Check the 'going rate' on the internet before you leave.
UPDATE 2009: It appears that the petrol statio in question has changed hands and is now in line with the rest. prices are now around 1 euro a litre. It's still worth checking the price before you arrive.
The 'Celtic tiger' is the name given to the so-called economic miracle which existed for about 10 years up to the stock market crash of 2008. It made Ireland one of the most expensive places to visit in Europe.
Prices have dropped a little, but this warning is more about the hotel sector.
It is widely predicted that during 2009 at least one hotel a week will permanently shut it's doors. These will often be quite smart three and four star places that have only be open a couple of years. Many were products of the boom times - built more on tax breaks and expectation rather than anything else.
My advice is to book into larger chains or long established hotels to ensure a greater chance of it still being a hotel when you get there.
So what will happen to all these places ? The smart money is on them being turned into old people's homes - someone out there will make another fortune.
When driving in Ireland's rural countryside take your time, and adjust your pace to the local rhythm. Remember that in these areas the sheep are the queens of the road, and around every corner there may be a sheep walking or standing in the middle of the road, trusting your good driving instincts. So, please, mind the sheep!
Driving on Ireland's narrow country roads is fun but also dangerous. Constantly winding between high hedges, visibility is often zero. There is usually only one lane in each direction, and no margins at all, so that the road does not tolerate careless drivers. Always keep to your lane (the left one of course!), and respect the white line dividing the road as if it was a stone wall: Around the next bend in the road cars will appear in the opposite direction out of nowhere and go racing past you. They will assume that their lane is free, and they will need every inch of it.

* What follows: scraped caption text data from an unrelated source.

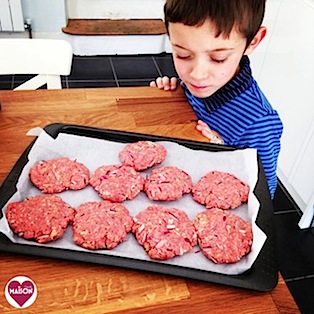 Making home made burgers with kids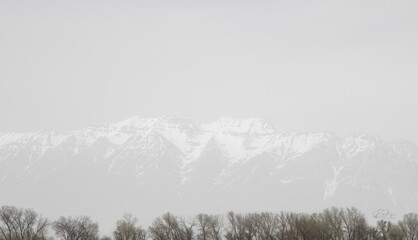 mist in the mountains, mountain in a sandstorm, low visibility, mountain in fog, Utah Mt. Timpanogos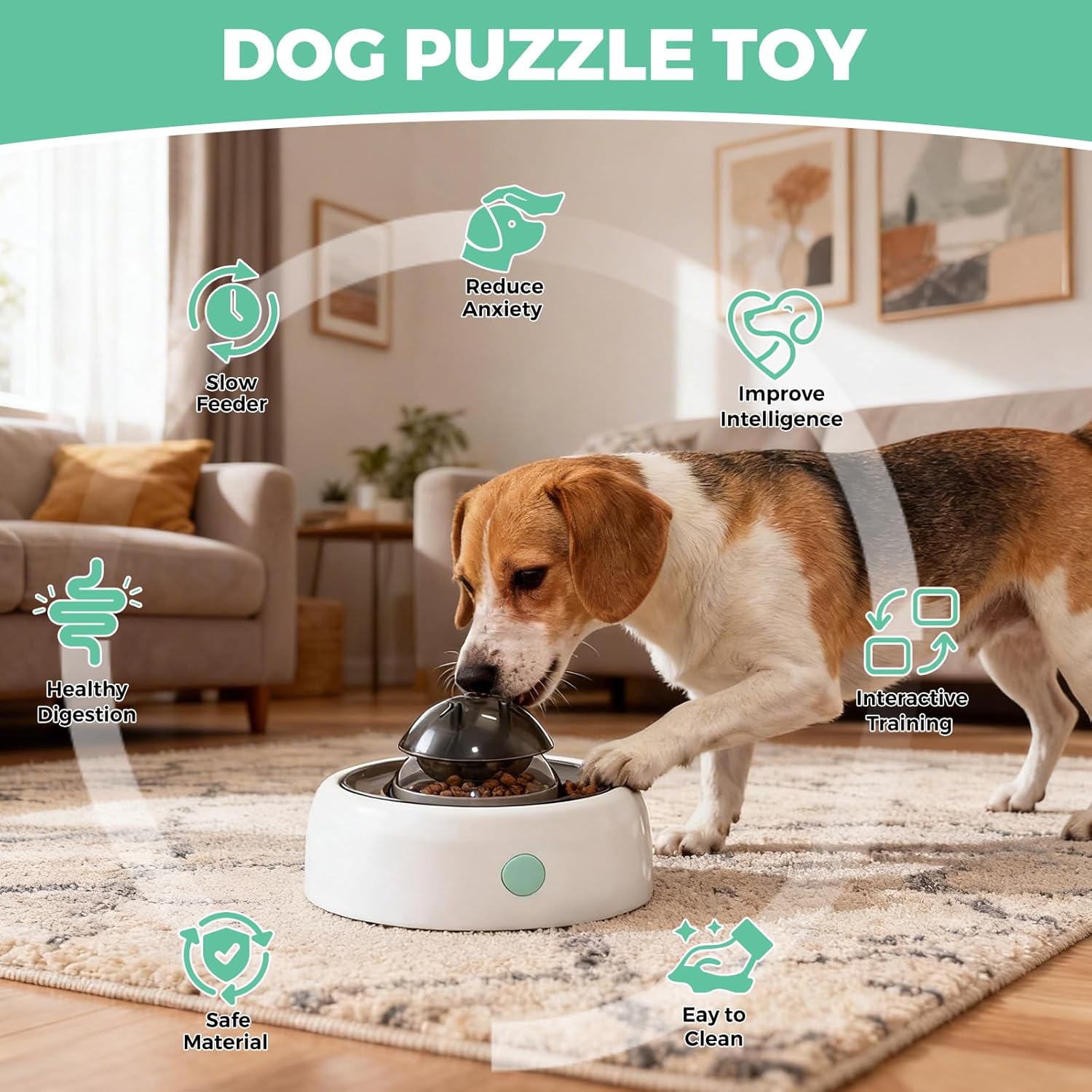 Interactive Dog Puzzle Toys & Treat Dispensing Slow Feeder - Dog Enrichment Toys for IQ Training, Mental Stimulating Toys for Healthy Digestion, Easy to Clean & Anti-Slip Design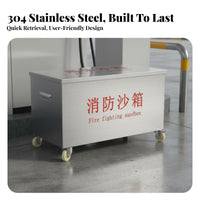 Stainless Steel Fire Sand Bin Heavy-Duty Casters Fire Fighting Sandbox Resistant Mobile Sand Storage Box for Factory, Workshop, Warehouse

So, dear VT driver, please take care!
When driving along narrow country roads, be mindful that a ditch typically runs along either side. This can be troublesome for people who are not used to driving on the left side of the road, because they tend to not properly gauge how far over they are.
There is a reason everything is so green - it rains a lot. Coming from drought ridden places like Australia we expect it to be dry and hot all the time. Not so over here. I knew when these birds even looked cold and damp in the Rock of Cashel that the weather conditions were not like at home. Bring warm clothes and an umbrella or raincoat and you will enjoy yourself any sort of weather.
I think we learned a couple of lessons. Next time, we will try a self-catering cottage (with more than one room) and do day trips from there. That will accomplish two things. My husband will be able to get some peace and quiet after driving all day and our son will be able to run around a make noise (can't really do that in a B&B or a hotel).
The second lesson is don't drive in cities. If we plan to tour a city, then we will do that either first or last and either not get the car until that is over or turn it in early. In the city we can walk or take the local bus
In Ireland we drive on the left and not very well. I've driven in many countries but here is the first place I'm often afraid when I'm behind the wheel. We have one of the highest accident rates in the EU. Not surprising really with almost non-existent law enforcement and an estimated 100,000 drivers on the road who have NEVER passed a driving test. Scary!
Be aware of the Indicator Tax. There is a levy charged on use of indicators in a vehicle. Luckily most Irish people have well developed telepathic skills and don't need to worry about it.